With the last line of the story, Asimov drops the mic and walks off the stage. The unexpected ending causes the reader to examine the concepts of God and Creation from a different perspective.  Asimov’s predictions about the future, forecasted through his telling of human evolution towards intergalactic colonists and, eventually, universally transcendent beings, also reveal some of Asimov’s own feelings about the origins of the universe.

finalthoughts

Despite the atheistic tendencies of science fiction and Asimov’s writings, this story provides an opportunity to examine which system of thought you want to pursue. Asimov’s use of Genesis 1:3 (And God said, “Let there be light,” and there was light) forces a direct comparison between God and AC. Asimov crafted AC to be a God created by man. Both are omnipotent and omnipresent; Jeremiah 23:24 says that the Lord declares “Do I not fill heaven and Earth?” and Asimov writes, “The consciousness of AC encompassed all of what had once been a Universe.” Asimov fashions AC to be an Intelligent Designer brooding over chaos to create the order of the world just as God created the Universe. AC, just like God, cannot be conceived of by the human mind in all of its complexity and is independent from matter and energy (Chinnachamy). The only, but extremely significant, difference between the two is this: AC was a creation of man who recreated man, while in the traditional paradigm, God created man.

The AC paradox brings to mind that of the chicken and the egg: which came first? Asimov creates an infinitely looping cycle of Universe and mankind. The Universe cannot be created without AC, which cannot be created without man, which cannot exist if AC has not created the Universe. An infinite number of Universes existed before the current one and an infinite number will exist after this one, according to Asimov’s idea. This is a materialist approach to the Universe; the AC, which had long since become so complicated that no human mind could understand how it works, was able to recreate the Universe since it had discovered how to reverse entropy. However, this process was strictly physical; the story mentions nothing of spirituality or other tenets of idealism.

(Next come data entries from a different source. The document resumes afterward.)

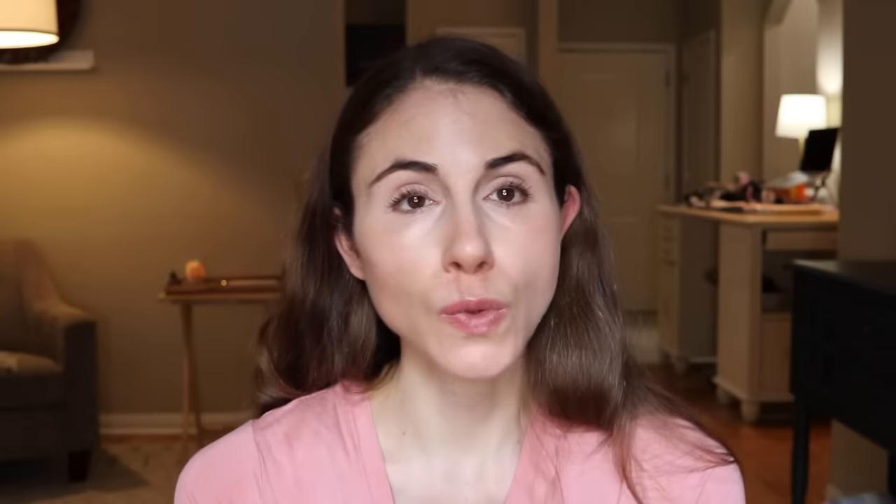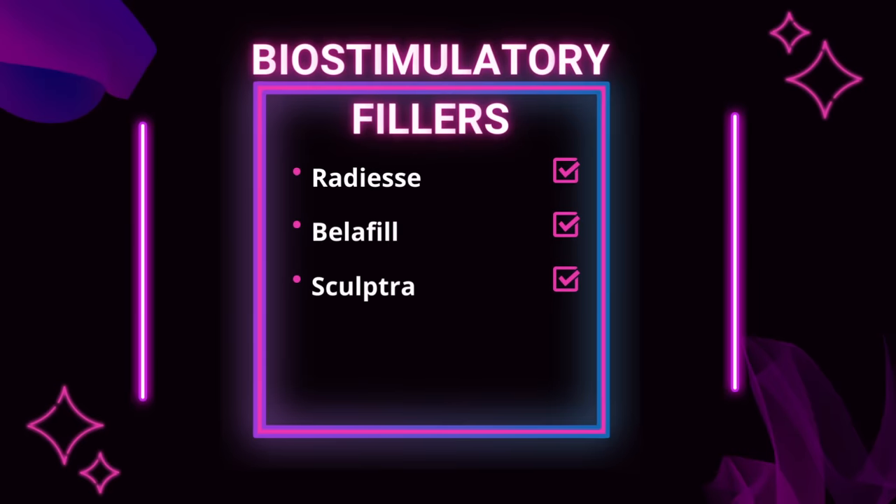Hyaluronic acid is a hydrating substance — it's naturally found in the body and it attracts water. I've got a lot of videos talking about hyaluronic acid filler and the complications; I will link some of those down below in the description box. But there's another category classified as biostimulatory fillers, meaning they stimulate your body to naturally produce its own volume, and namely that's going to be collagen. Biostimulatory fillers include Radiesse, Belafil, and Sculptra, which is what we're covering today.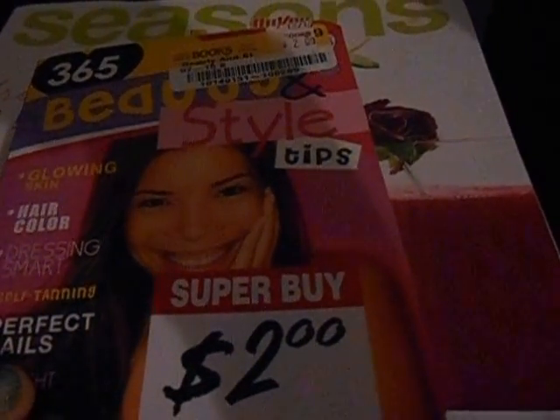If you want to see the other three days, the other three tips, I'll link them below. I got this book at Half Price Books for $2.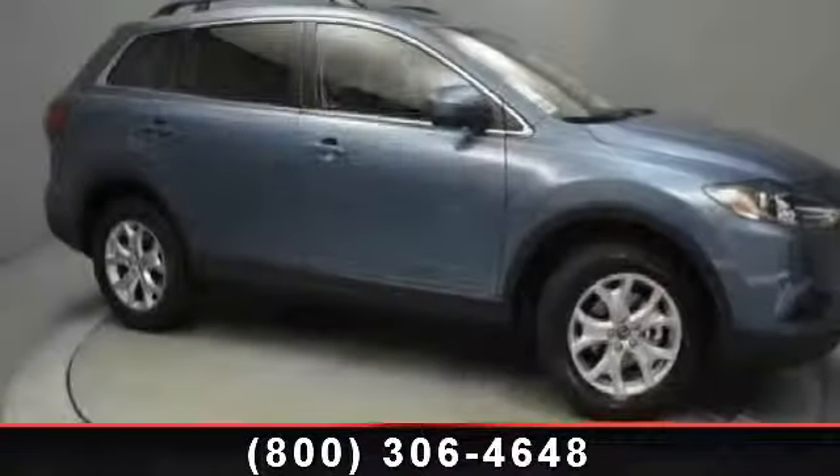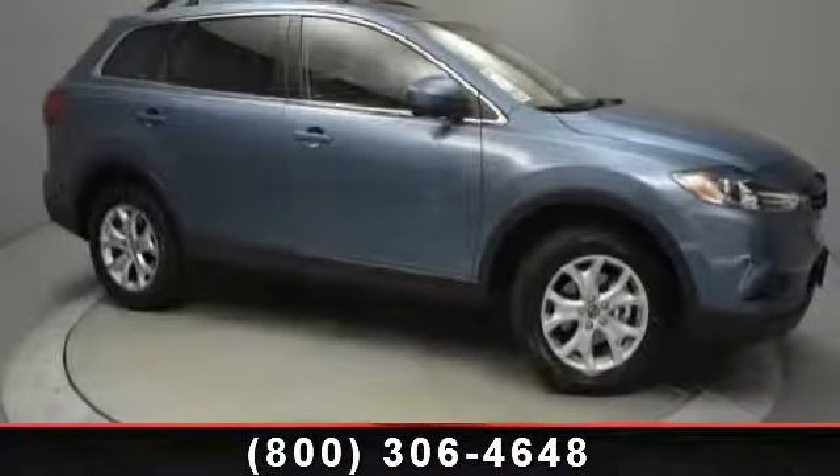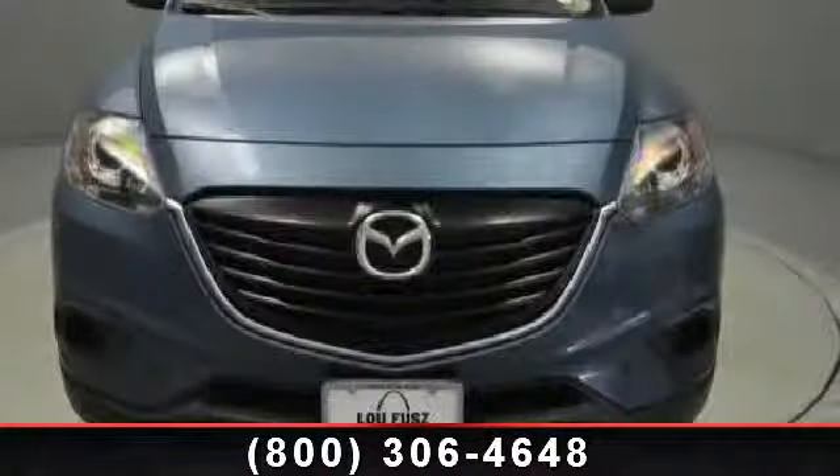Check out this 2014 Mazda CX-9 Touring. If you are looking for a first-rate auto, this one could be yours today.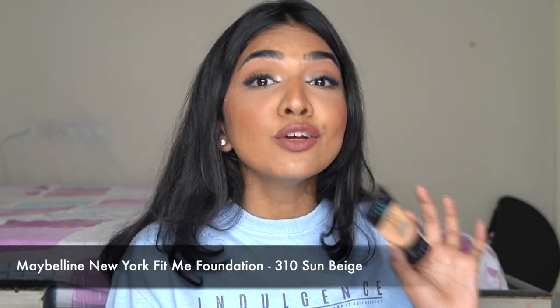The first foundation — I know you guys see me use this constantly — is the Maybelline Fit Me. Absolute favorite from the drugstore, such an affordable foundation. For every foundation I'm going to talk about four points: skin type, finish, coverage, and the shade I use. So let's start off with Fit Me.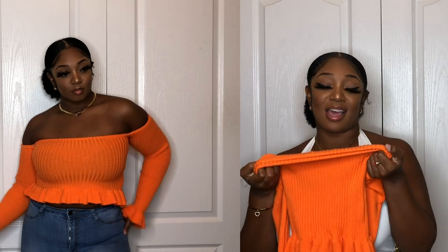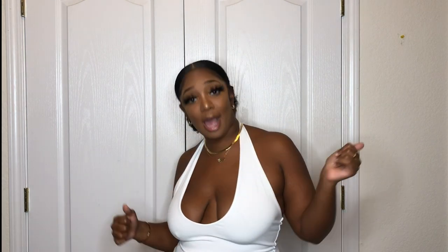That's the end of this fall try-on haul. Thank you guys so much for tuning in. Everything I got was in a size medium and I'm 5'3" and 175 pounds. If you're new here, go check out more videos, like, comment, and subscribe. All pieces will be linked in the description box — go cop these looks!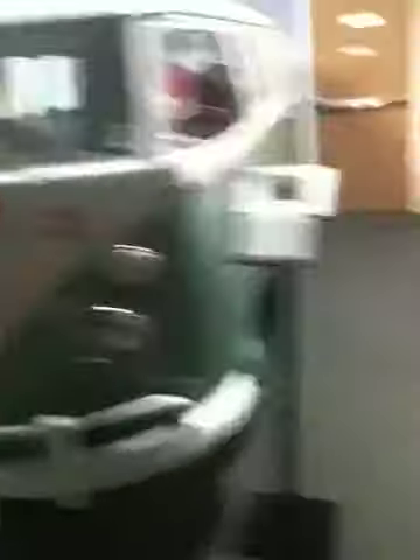Look at this thing — Vespa. He got Vespas, 200 Vespas. That's a Volkswagen, right? This one here? No, Porsche. Porsche?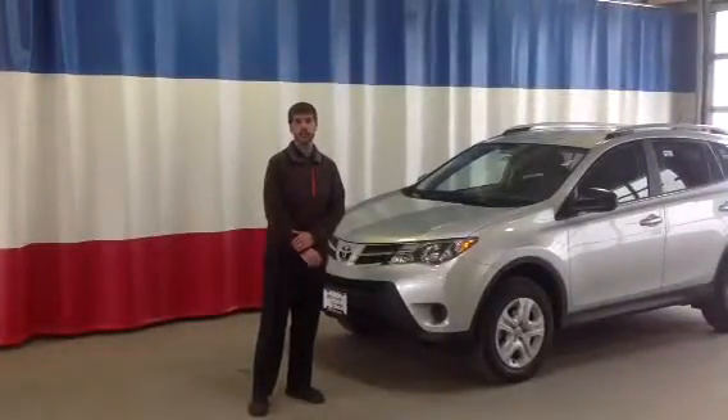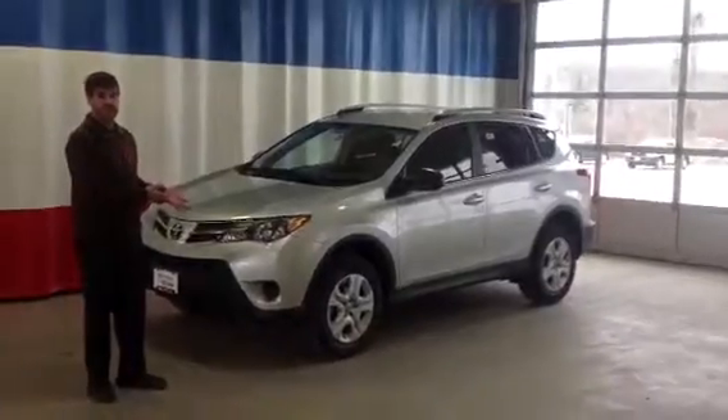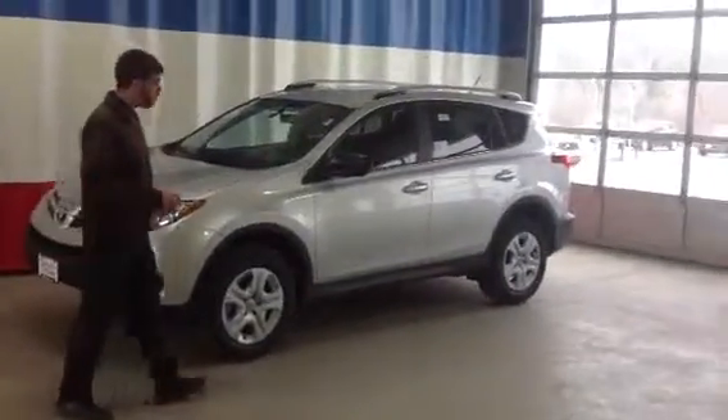Hi Connie, my name is Sam Wright at 802 Toyota. I received a request for more information on the 2013 RAV4. I wanted to highlight a couple of features for you.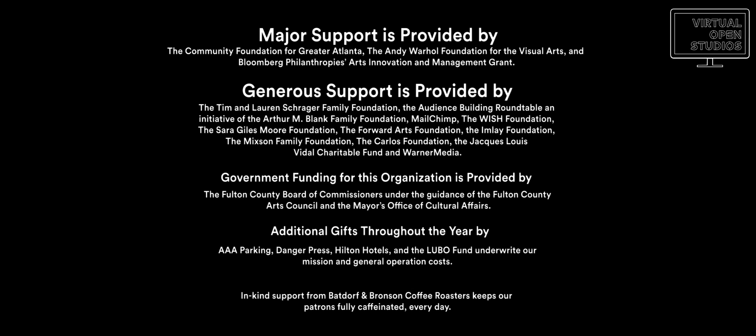Thank you so much, Jamie, for sharing your work and your process with us today. Stay safe, everyone. Thanks for coming.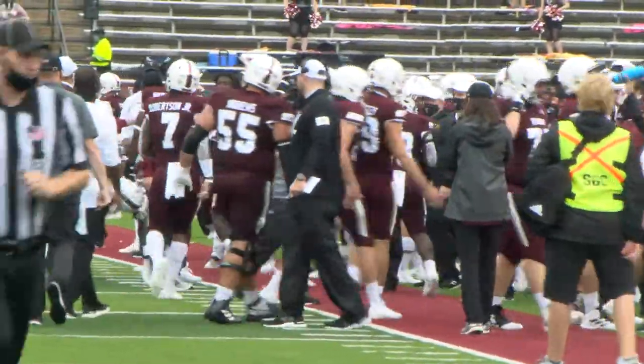The Troy Trojans welcomed the Texas State Bobcats into the Vent for the first home game, and it was a downpour. However, it didn't affect the mighty Trojans in this game.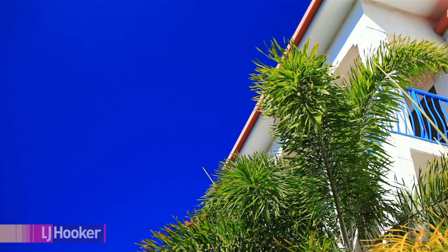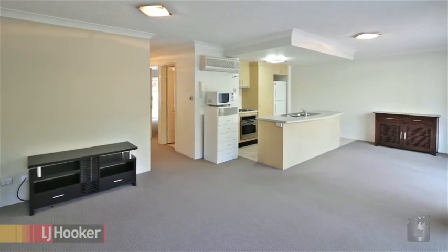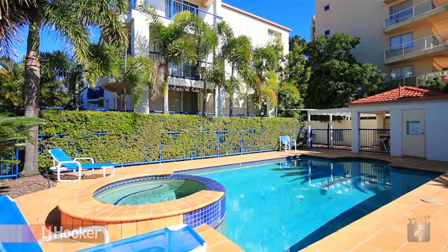Presenting a perfect entry point to the market. This stylishly appointed ground floor apartment, located in an unrivalled location, is not to be missed.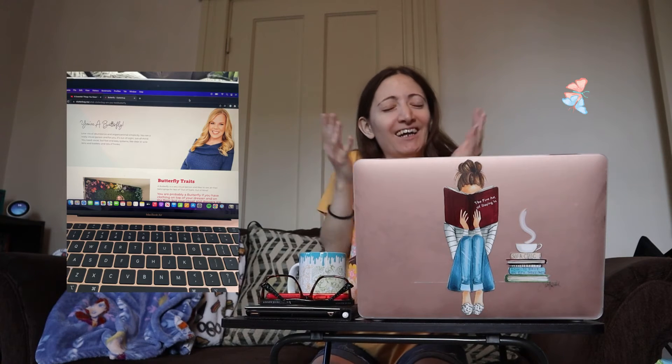I took the quiz and found out that I am a butterfly. It says that I love visual abundance and organizational simplicity. I am a visual person — out of sight, out of mind. I need visuals and a fast, easy system like clear bins and baskets and lots of hooks, which is very true.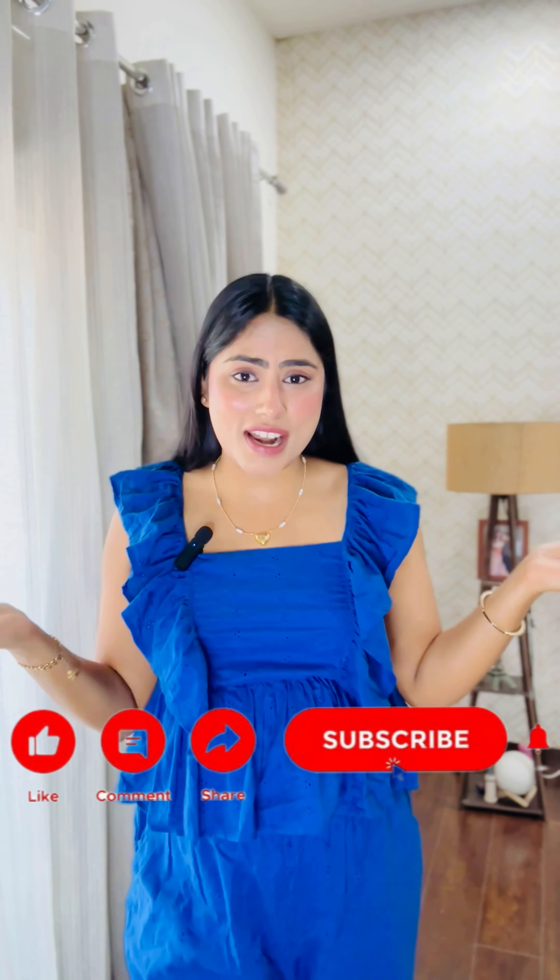That's it for today's haul video. I hope you all liked these night suit sets because all of them are very cute and affordable. You'll find all the links in my description, so don't forget to check them out. This is the best time to shop from Myntra because the end of season sale is live. If you liked this video, don't forget to like, share, and subscribe to my channel — I'll see you in the next video, bye bye!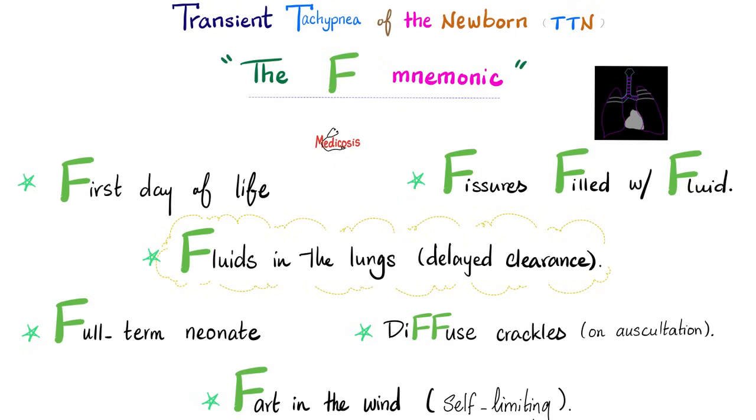Here is the F mnemonic for TTN. It happens during the first day of life, to a full-term neonate. There is fluid in the lungs due to delayed clearance. On x-ray you'll see fissures filled with fluid. On auscultation you'll hear diffuse crackles. And it's a fart in the wind — it's a self-limiting condition.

In the following video, Dr. Robert Jastrow, founding director of the NASA Goddard Institute for Space Studies, presents a discussion of the origin of the Universe, which attempts to reconcile both God and the theory of the Big Bang. Watch it and make note of how this explanation of the Universe’s origin relates to the account in Asimov’s narrative.

It is up to the careful Thinker to come to a conclusion. Which way of thinking is more likely to produce a positive and well-lived life? Is the materialist view Asimov presents rationally inclined to lead to greatness, or is the idealist view of the Bible more beneficial? Another question to ask yourself is this: who do you fashion your God to be?